In today’s world, there are plenty of spaces that need to be kept sanitary and clean 24 hours a day. Whether it’s a simple toilet lid or hospital exam table, these areas requires a variety of cleaning solutions and coatings in order to ensure they are hygienic and safe to use.
Oliver Sonntag from Nano-Care Deutschland AG has recently introduced a new and very aggressive form of coating that literally impales bacteria when they come into contact with a surface, rendering them harmless.
Oliver answered some questions about his product, Liquid Guard.
Your company has developed an antimicrobial coating that utilises advanced nanotechnology. How does it work?
Contrary to silver ion based biocides that work to disrupt the microbial metabolism, our product (Liquid Guard) is a physical barrier. The liquid has allowed us to engineer a structure of sharp, spike like molecules that quite literally rupture the cell walls of incoming microorganisms, causing them to burst and become harmless.
This physical effect is advantageous for several reasons, namely that it allows for a permanent antimicrobial barrier that lasts a long time. The microbial metabolism is not interfered with and this means we avoid causing mutations that would otherwise occur after repeated exposure to the same biochemical reaction.
How often does the protection need to be reapplied?
This mainly depends on how often the treated surface area is being utilised. Toilet lids and doorknobs that are used daily should have the solution reapplied after around a year. Surfaces that are less often utilised won’t be exposed to as much abrasion, meaning the solution can be reapplied less often.
What places can the coating be used?
It can be used anywhere, although there are still some regulatory concerns surrounding the medical field. Before it could be applied to medical devices, it would need to be itself approved as a medical device. Our company is currently engaged in the process of getting this approval so that the solution can be applied directly onto products as they are manufactured.
We currently maintain registration as a biocidal product, making the solution acceptable for use in hospital environments or on surfaces that patients come into direct contact with. We are keeping this recommendation for hospital use in 2019 and we are this month beginning talks with the Robert Koch Institute.
What certifications does Liquid Guard currently have?
Currently Liquid Guard is certified to be used and marketed as a biocidal solution in Germany. We are also eager to register the product in the majority of other EU countries. An institute has also rated our product as “excellent” as part of a skin patch test.

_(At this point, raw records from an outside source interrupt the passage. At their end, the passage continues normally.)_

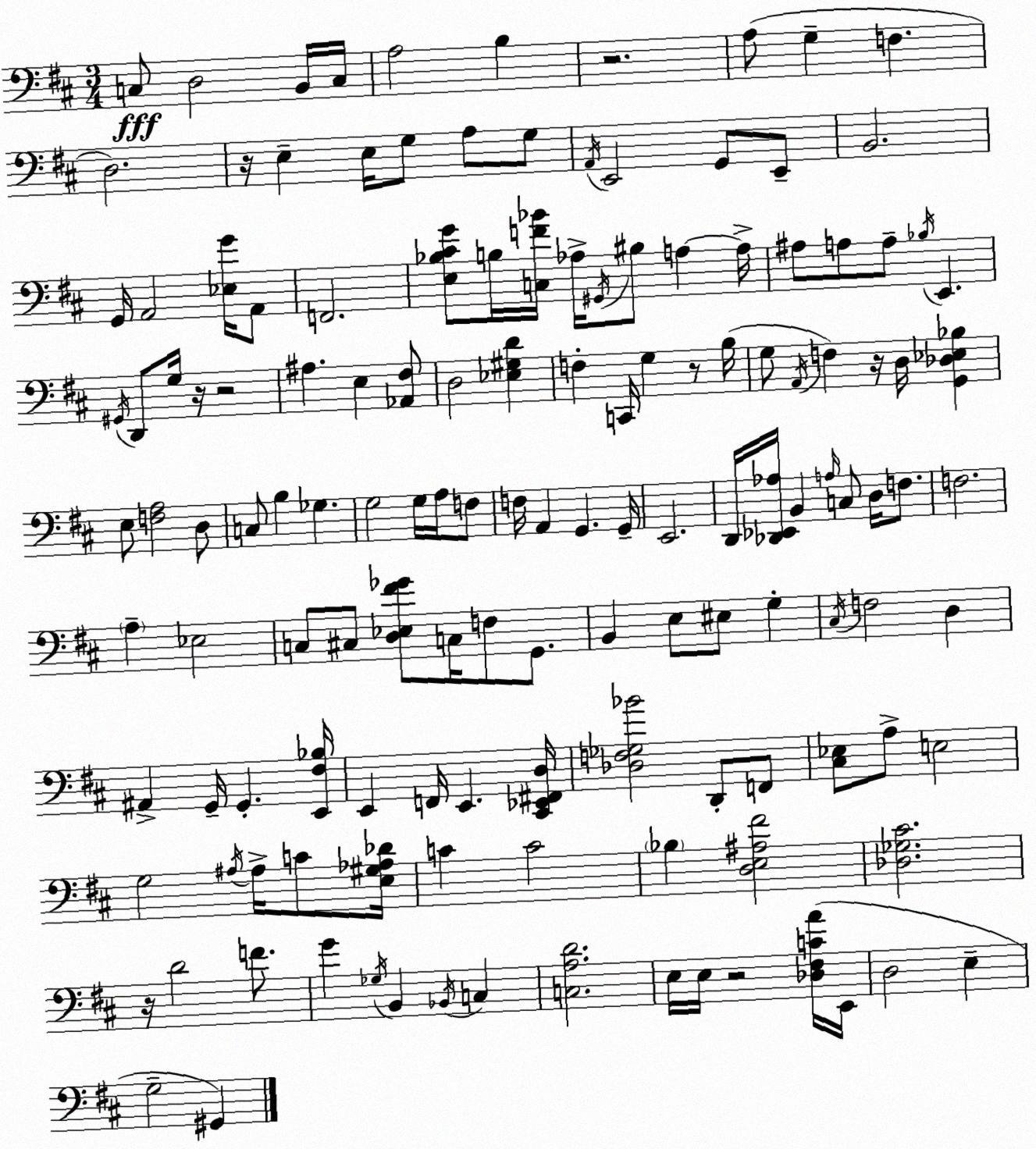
X:1
T:Untitled
M:3/4
L:1/4
K:D
C,/2 D,2 B,,/4 C,/4 A,2 B, z2 A,/2 G, F, D,2 z/4 E, E,/4 G,/2 A,/2 G,/2 A,,/4 E,,2 G,,/2 E,,/2 B,,2 G,,/4 A,,2 [_E,G]/4 A,,/2 F,,2 [E,_B,^CG]/2 B,/4 [C,F_B]/4 _A,/4 ^G,,/4 ^B,/2 A, A,/4 ^A,/2 A,/2 A,/2 _B,/4 E,, ^G,,/4 D,,/2 G,/4 z/4 z2 ^A, E, [_A,,^F,]/2 D,2 [_E,^G,D] F, C,,/4 G, z/2 B,/4 G,/2 A,,/4 F, z/4 D,/4 [G,,_D,_E,_B,] E,/2 [F,A,]2 D,/2 C,/2 B, _G, G,2 G,/4 A,/4 F,/2 F,/4 A,, G,, G,,/4 E,,2 D,,/4 [_D,,_E,,_A,]/4 B,, A,/4 C,/2 D,/4 F,/2 F,2 A, _E,2 C,/2 ^C,/2 [D,_E,^F_G]/2 C,/4 F,/2 G,,/2 B,, E,/2 ^E,/2 G, ^C,/4 F,2 D, ^A,, G,,/4 G,, [E,,^F,_B,]/4 E,, F,,/4 E,, [^C,,_E,,^F,,D,]/4 [_D,F,_G,_B]2 D,,/2 F,,/2 [^C,_E,]/2 A,/2 E,2 G,2 ^A,/4 ^A,/4 C/2 [E,^G,_A,_D]/4 C C2 _B, [D,E,^A,^F]2 [_D,_G,^C]2 z/4 D2 F/2 G _G,/4 B,, _B,,/4 C, [C,A,D]2 E,/4 E,/4 z2 [_D,^F,CA]/4 E,,/4 D,2 E, G,2 ^G,,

The test involved 30 students who wore plastic sheets on their backs that were coated with Liquid Guard for 72 hours. Independent testing used an accelerated aging protocol on the coating in order to establish the integrity and longevity of the solution.
Results showed a 99.99 percent reduction in germs after a simulated aging time of one year. We are proud to announce that Liquid Guard was nominated for the German Innovation Award for 2019.
Does the coating need to be applied by an expert or can anyone do it?
Anyone can apply Liquid Guard. You are able to order the product either as a wet wipe or a liquid. All the wipes are wrapped individually, allowing users to apply the coating directly after removal. Wiping on the coating is very simple and the surface can be used after 6 hours.
Are there any pathogens that have proven resistant to Liquid Guard?
So far we have not detected any resistant pathogens. We have tested both gram-positive and gram-negative microorganisms with 99.99 of them rendered harmless. According to the Japanese standard JIS Z 2801: 2012, this qualifies as “total kill”. This test is very difficult to pass with a high amount of germs being applied to the testing surface. This has allowed us to prove our product against a large number of CFU’s (colony forming units).